Print each of the records below, leaving every word as it is.
───── MATERIAL FOR THE TASK ─────
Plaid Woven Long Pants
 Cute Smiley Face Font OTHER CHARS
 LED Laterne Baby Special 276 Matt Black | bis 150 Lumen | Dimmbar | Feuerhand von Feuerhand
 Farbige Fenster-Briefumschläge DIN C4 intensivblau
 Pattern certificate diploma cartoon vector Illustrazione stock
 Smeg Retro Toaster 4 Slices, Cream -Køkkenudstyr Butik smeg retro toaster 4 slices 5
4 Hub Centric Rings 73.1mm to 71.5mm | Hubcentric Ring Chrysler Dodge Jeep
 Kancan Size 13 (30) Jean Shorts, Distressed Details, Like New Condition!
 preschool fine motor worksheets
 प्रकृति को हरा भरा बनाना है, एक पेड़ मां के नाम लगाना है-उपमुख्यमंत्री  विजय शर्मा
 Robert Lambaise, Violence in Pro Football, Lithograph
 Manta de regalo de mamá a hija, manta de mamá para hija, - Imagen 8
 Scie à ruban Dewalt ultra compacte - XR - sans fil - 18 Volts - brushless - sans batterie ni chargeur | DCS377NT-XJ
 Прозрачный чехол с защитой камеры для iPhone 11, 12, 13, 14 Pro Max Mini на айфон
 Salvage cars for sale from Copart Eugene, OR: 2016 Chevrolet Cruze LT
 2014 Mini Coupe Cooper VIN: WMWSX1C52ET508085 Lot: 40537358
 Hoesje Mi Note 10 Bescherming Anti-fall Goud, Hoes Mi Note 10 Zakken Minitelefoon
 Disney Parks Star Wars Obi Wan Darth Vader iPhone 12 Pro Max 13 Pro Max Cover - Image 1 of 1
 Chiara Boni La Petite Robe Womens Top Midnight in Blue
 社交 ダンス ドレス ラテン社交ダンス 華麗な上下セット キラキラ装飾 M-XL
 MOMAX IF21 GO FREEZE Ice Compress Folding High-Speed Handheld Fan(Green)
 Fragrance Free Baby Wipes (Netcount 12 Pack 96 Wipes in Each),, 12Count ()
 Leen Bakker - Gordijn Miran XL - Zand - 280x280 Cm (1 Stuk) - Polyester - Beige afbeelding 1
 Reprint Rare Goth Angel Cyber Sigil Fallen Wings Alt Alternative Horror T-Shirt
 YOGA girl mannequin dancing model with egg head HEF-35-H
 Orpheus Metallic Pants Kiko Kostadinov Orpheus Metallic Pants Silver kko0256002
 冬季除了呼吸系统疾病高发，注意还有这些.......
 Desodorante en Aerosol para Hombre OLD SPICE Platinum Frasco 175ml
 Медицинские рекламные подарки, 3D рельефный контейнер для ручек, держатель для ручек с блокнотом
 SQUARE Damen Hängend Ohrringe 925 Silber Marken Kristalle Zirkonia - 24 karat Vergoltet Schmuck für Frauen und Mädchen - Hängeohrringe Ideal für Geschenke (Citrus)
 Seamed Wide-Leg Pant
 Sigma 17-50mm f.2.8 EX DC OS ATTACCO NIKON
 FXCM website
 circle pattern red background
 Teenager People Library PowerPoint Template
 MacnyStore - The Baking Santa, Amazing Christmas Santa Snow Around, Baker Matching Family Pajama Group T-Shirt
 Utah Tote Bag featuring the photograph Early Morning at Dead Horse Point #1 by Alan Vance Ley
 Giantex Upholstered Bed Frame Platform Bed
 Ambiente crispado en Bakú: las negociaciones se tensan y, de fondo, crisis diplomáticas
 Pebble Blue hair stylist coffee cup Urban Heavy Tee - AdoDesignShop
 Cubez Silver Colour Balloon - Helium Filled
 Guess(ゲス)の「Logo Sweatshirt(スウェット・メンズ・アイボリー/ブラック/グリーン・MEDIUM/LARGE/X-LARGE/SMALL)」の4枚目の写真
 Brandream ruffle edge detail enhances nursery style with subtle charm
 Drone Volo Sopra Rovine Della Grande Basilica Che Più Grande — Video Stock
─────
> [RESULT]:
Plaid Woven Long Pants
 Cute Smiley Face Font OTHER CHARS
 LED Laterne Baby Special 276 Matt Black | bis 150 Lumen | Dimmbar | Feuerhand von Feuerhand
 Farbige Fenster-Briefumschläge DIN C4 intensivblau
 Pattern certificate diploma cartoon vector Illustrazione stock
 Smeg Retro Toaster 4 Slices, Cream -Køkkenudstyr Butik smeg retro toaster 4 slices 5
4 Hub Centric Rings 73.1mm to 71.5mm | Hubcentric Ring Chrysler Dodge Jeep
 Kancan Size 13 (30) Jean Shorts, Distressed Details, Like New Condition!
 preschool fine motor worksheets
 प्रकृति को हरा भरा बनाना है, एक पेड़ मां के नाम लगाना है-उपमुख्यमंत्री  विजय शर्मा
 Robert Lambaise, Violence in Pro Football, Lithograph
 Manta de regalo de mamá a hija, manta de mamá para hija, - Imagen 8
 Scie à ruban Dewalt ultra compacte - XR - sans fil - 18 Volts - brushless - sans batterie ni chargeur | DCS377NT-XJ
 Прозрачный чехол с защитой камеры для iPhone 11, 12, 13, 14 Pro Max Mini на айфон
 Salvage cars for sale from Copart Eugene, OR: 2016 Chevrolet Cruze LT
 2014 Mini Coupe Cooper VIN: WMWSX1C52ET508085 Lot: 40537358
 Hoesje Mi Note 10 Bescherming Anti-fall Goud, Hoes Mi Note 10 Zakken Minitelefoon
 Disney Parks Star Wars Obi Wan Darth Vader iPhone 12 Pro Max 13 Pro Max Cover - Image 1 of 1
 Chiara Boni La Petite Robe Womens Top Midnight in Blue
 社交 ダンス ドレス ラテン社交ダンス 華麗な上下セット キラキラ装飾 M-XL
 MOMAX IF21 GO FREEZE Ice Compress Folding High-Speed Handheld Fan(Green)
 Fragrance Free Baby Wipes (Netcount 12 Pack 96 Wipes in Each),, 12Count ()
 Leen Bakker - Gordijn Miran XL - Zand - 280x280 Cm (1 Stuk) - Polyester - Beige afbeelding 1
 Reprint Rare Goth Angel Cyber Sigil Fallen Wings Alt Alternative Horror T-Shirt
 YOGA girl mannequin dancing model with egg head HEF-35-H
 Orpheus Metallic Pants Kiko Kostadinov Orpheus Metallic Pants Silver kko0256002
 冬季除了呼吸系统疾病高发，注意还有这些.......
 Desodorante en Aerosol para Hombre OLD SPICE Platinum Frasco 175ml
 Медицинские рекламные подарки, 3D рельефный контейнер для ручек, держатель для ручек с блокнотом
 SQUARE Damen Hängend Ohrringe 925 Silber Marken Kristalle Zirkonia - 24 karat Vergoltet Schmuck für Frauen und Mädchen - Hängeohrringe Ideal für Geschenke (Citrus)
 Seamed Wide-Leg Pant
 Sigma 17-50mm f.2.8 EX DC OS ATTACCO NIKON
 FXCM website
 circle pattern red background
 Teenager People Library PowerPoint Template
 MacnyStore - The Baking Santa, Amazing Christmas Santa Snow Around, Baker Matching Family Pajama Group T-Shirt
 Utah Tote Bag featuring the photograph Early Morning at Dead Horse Point #1 by Alan Vance Ley
 Giantex Upholstered Bed Frame Platform Bed
 Ambiente crispado en Bakú: las negociaciones se tensan y, de fondo, crisis diplomáticas
 Pebble Blue hair stylist coffee cup Urban Heavy Tee - AdoDesignShop
 Cubez Silver Colour Balloon - Helium Filled
 Guess(ゲス)の「Logo Sweatshirt(スウェット・メンズ・アイボリー/ブラック/グリーン・MEDIUM/LARGE/X-LARGE/SMALL)」の4枚目の写真
 Brandream ruffle edge detail enhances nursery style with subtle charm
 Drone Volo Sopra Rovine Della Grande Basilica Che Più Grande — Video Stock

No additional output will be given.